PROJECT SUMMARY
Cognitive impairment and dementia are significant causes of disability, dependency, and death, with an
estimated 50 million individuals currently dealing with dementia worldwide. Estrogen loss, such as after natural
or surgically induced menopause, is linked to a heightened susceptibility to cognitive decline. Moreover, women
who become estrogen-deficient earlier in life have an even higher risk of developing cognitive impairments;
however, the mechanisms mediating the association between estrogen loss and cognitive dysfunction are not
fully understood. Estrogens can interact with receptors ubiquitously expressed in the brain to exert anti-
inflammatory properties. In addition, they may regulate the neuroimmune system by interacting with microglia,
the primary innate immune cell of the brain. Microglial activation and the subsequent release of inflammatory
molecules can drive a suite of physiological and behavioral alterations that can worsen cognitive
outcomes. Furthermore, an emerging body of literature suggests that in response to a previous condition (e.g.,
aging, stress, circadian disruption), microglia can become primed. Microglial priming is a term used to describe
the shift towards a baseline sensitized inflammatory phenotype characterized by an amplified response to an
inflammatory stimulus. Here, we propose that estrogen loss can act as an antecedent condition that primes
microglia to the neuroimmune changes associated with aging, causing exacerbated pro-inflammatory responses
that may contribute to cognitive decline. There is currently a lack of understanding behind the microglia-specific
mechanisms through which estrogens mitigate neuroinflammation and cognitive decline.
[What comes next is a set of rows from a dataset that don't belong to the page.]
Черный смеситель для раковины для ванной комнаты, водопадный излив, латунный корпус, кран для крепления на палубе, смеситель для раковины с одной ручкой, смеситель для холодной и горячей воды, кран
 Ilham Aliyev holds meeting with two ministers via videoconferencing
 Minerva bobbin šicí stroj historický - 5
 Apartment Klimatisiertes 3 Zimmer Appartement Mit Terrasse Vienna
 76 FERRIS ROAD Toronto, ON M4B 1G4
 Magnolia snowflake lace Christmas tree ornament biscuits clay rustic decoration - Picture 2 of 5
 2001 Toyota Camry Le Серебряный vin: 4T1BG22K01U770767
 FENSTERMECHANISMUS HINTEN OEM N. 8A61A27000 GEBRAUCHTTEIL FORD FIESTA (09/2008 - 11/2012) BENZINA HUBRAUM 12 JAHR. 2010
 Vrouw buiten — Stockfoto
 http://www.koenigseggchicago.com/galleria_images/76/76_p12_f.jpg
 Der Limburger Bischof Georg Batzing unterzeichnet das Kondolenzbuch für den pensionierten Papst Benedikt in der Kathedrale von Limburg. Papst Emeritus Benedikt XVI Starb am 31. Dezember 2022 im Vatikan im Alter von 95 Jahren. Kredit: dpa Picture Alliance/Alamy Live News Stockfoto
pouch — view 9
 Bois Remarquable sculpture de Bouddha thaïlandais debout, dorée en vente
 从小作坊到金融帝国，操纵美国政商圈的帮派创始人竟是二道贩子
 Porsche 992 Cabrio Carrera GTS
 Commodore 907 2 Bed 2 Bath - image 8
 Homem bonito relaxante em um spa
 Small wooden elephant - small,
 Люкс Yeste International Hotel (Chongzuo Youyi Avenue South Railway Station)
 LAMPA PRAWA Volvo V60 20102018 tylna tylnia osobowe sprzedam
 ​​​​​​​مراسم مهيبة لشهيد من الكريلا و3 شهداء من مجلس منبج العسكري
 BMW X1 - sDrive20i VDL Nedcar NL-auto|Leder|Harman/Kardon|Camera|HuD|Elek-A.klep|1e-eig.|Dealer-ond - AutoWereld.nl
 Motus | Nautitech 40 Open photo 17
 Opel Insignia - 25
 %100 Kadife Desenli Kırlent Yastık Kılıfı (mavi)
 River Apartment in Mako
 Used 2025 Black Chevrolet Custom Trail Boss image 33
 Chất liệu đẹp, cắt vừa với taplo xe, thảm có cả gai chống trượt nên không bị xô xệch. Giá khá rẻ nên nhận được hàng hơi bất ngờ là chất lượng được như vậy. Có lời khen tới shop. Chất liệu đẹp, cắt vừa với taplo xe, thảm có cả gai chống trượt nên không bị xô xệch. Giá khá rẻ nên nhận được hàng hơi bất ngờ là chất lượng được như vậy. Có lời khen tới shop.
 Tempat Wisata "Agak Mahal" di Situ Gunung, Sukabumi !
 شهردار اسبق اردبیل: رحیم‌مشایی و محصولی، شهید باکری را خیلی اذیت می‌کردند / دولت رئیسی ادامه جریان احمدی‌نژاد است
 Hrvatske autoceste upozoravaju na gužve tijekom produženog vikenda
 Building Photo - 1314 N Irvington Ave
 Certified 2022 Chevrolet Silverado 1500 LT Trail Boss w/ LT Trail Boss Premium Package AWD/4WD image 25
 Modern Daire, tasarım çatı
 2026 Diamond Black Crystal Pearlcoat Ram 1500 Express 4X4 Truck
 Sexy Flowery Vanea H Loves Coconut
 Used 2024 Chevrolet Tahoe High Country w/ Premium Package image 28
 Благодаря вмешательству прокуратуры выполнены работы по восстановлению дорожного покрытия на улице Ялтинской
Therefore, the overall
objectives of this proposal are to (i) establish whether ovariectomy and timing of estrogen loss lead to elevated
neuroinflammation that contributes to behavioral deficits, (ii) assess if microglia become primed in response to
ovariectomy, and (iii) determine whether microglia are critical for generating cognitive impairments with
ovariectomy and aging. The central hypothesis is that ovariectomy, particularly earlier in life, raises vulnerability
to adverse cognitive changes by eliciting an exaggerated neuroimmune response through priming (i.e.,
sensitizing) microglia to aging. Two specific aims are proposed to test this hypothesis. The experiments outlined
in Aim 1 will investigate whether ovariectomy and earlier estrogen loss prime the neuroimmune system, leading
to deficits in affective and cognitive behaviors. In Aim 2, microglia will be ablated in vivo to determine whether
neuroinflammation and behavioral deficits are curtailed in the absence of microglia. These findings will establish
if microglia are the cell type responsible for the neuroimmune and behavioral changes induced by estrogen loss.
Overall, this proposal will help advance the understanding of cognitive impairments in post-menopausal women
and may lead to novel therapies for targeting the cognitive decline associated with aging.